Salt & Wind Travel

How To Tapas Crawl In Old Town San Sebastian

You know the feeling: you land in a new city and before you even know which way is North or have taken your first photo, you already feel like you could move there. There’s an essence that’s hard to put your finger on, a vibe that makes it just feel like it’s your home-away-from-home that you never knew existed. For me, Basque Country is that place.

San Sebastian Spain

Why Visit Basque Country?

Be it the beaches at Hossegor with surfers who look like they just came out of the Southern California waves; chic Biarritz with high-end boutiques and the Imperial palace; the hills with Michelin-starred restaurants to Pamplona’s running of the bulls to world-class wineries; or Bilbao with Gehry’s Guggenheim sitting like the city’s crown jewel.

Basque Country is one of the first places I traveled in Spain so, at first, I didn’t appreciate how distinct it is. You probably already know that Basque Country is super unique—with a language that has no known origins, more Michelin-starred restaurants than most other countries, people who technically live in Spain and France but who look at the borders of Basque Country as the only borders worth really acknowledging. 

5 Classic Tapas Spots In Old Town San Sebastian

It’s hard to pick one place in Basque Country, but when it comes to the tapas (pintxos in Basque), it’s San Sebastian.

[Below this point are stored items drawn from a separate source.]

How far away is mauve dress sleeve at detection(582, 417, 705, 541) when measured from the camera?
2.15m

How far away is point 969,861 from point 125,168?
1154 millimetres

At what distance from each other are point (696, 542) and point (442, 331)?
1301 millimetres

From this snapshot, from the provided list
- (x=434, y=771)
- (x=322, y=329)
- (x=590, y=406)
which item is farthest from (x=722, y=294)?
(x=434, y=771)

On my last trip there I strong-armed my siblings into a tapas crawl and they rolled their eyes at their food fanatic sister, feeling like it’d be more of a pain than it was worth. But, with a list of recommendations from friends who had cooked in nearby Michelin-starred kitchens and armed with a big appetite, we went for it. 

If you haven’t done a tapas crawl (txiquiteo in Basque), you’re gonna want to read up on it so you know how to get fed and how to pace yourself. The idea is to hop from bar to bar, enjoying drinks and eat small bites from classic like croquetas, bocadillos,and jamon to anything else that looks delicious. Sipping Txakoli, sherry, and local ciders everywhere we went and doing our best to exercise restraint we made it to 8 bars and had an assortment of bites. These were our top picks:

Paco Bueno bar

If you’re not sure how to kick things off, start here. It’s a big enough place that there’s room to sidle up to the bar or get your own table and there’s so much food that the only problem will be deciding what not to eat. The bocadillos (little sandwiches) were amazing as were the frituras (deep fried bites).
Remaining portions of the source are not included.